Does anyone else have any useful suggestions? Your Dallas Buick Dealer, Freeman Grapevine would love to hear them.

How Can I Get a Better Deal on Car Insurance?

In this economy, Freeman Grapevine wants to make sure that you have insurance that is reliable yet affordable. And if you have a good driving record with no recent accidents, you should see some discounts on your car insurance.

These discounts may not happen immediately, but over time you should see a reduction in your rates.

Several insurance companies are taking performance monitoring to the next level. With the installation of an opt-in diagnostics system that communicates with on-board sensors, insurance providers can monitor driving in real time, and offer lower rates to drivers with proven safety records. Specifically, the devices measure average speed, braking speed, and total time behind the wheel.

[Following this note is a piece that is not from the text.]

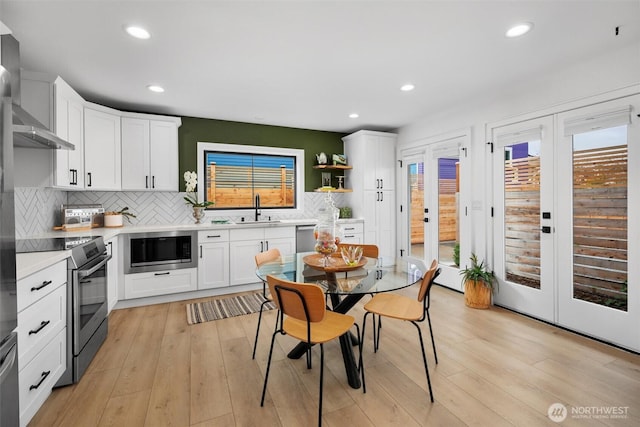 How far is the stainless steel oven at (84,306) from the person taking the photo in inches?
84.0

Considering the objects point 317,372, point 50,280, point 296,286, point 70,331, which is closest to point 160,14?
point 50,280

For drivers that are below average in these areas, a discount will be rewarded after a month. Discounts can range up to 30% from certain insurers, which can provide significant relief for fiscally challenged motorists. In most states, the devices can lead to never having higher insurance rates. Furthermore,  the program is completely voluntary, with an option to cancel at any time. The devices do not include GPS, so a driver’s privacy is maintained while using the system. [Source: Motorology]

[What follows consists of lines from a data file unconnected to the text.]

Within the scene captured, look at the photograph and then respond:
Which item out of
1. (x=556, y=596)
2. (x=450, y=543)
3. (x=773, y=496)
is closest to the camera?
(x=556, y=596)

I hope that you do have a good driving record. If you do then you should shop around for the best quotes. The lowest quote does not necessarily mean the best insurance for you. Make sure they have the coverage you will need.

If you are planning to buy a new car soon, now is a good time to call around for your best quotes on a Buicks, GMCs and Used, or you can just come and check out Freeman Grapevine.

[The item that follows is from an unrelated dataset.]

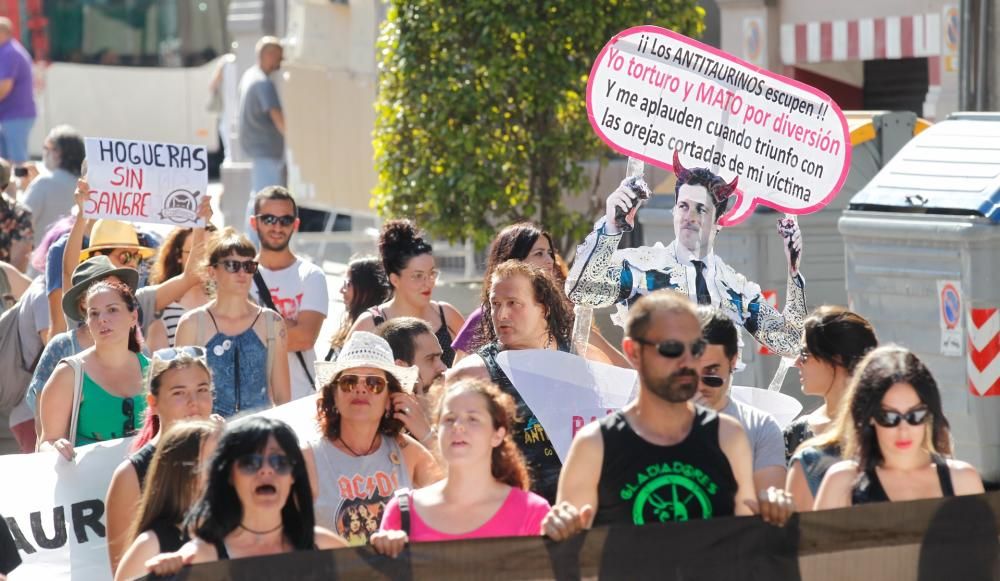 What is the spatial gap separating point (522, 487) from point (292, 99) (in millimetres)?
12785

Busting A Couple Popular Gas Myths

As a Texas GMC Dealer, one of the biggest concerns with my customers is how they can get the most mileage out of their cars gas tanks. Now there are a lot of car myths out there that we need to wade through. We’ve all heard them… whether it’s from a family member, a friend or John Doe. These “tips” have been around for ages, and that’s exactly the problem with most of them. They’ve been around for ages! For now, let’s focus on gasoline myths.  Here are two of my favorites.

Running on Empty

Myth: Once your gas gauge hits empty, you have at least one more gallon of gasoline.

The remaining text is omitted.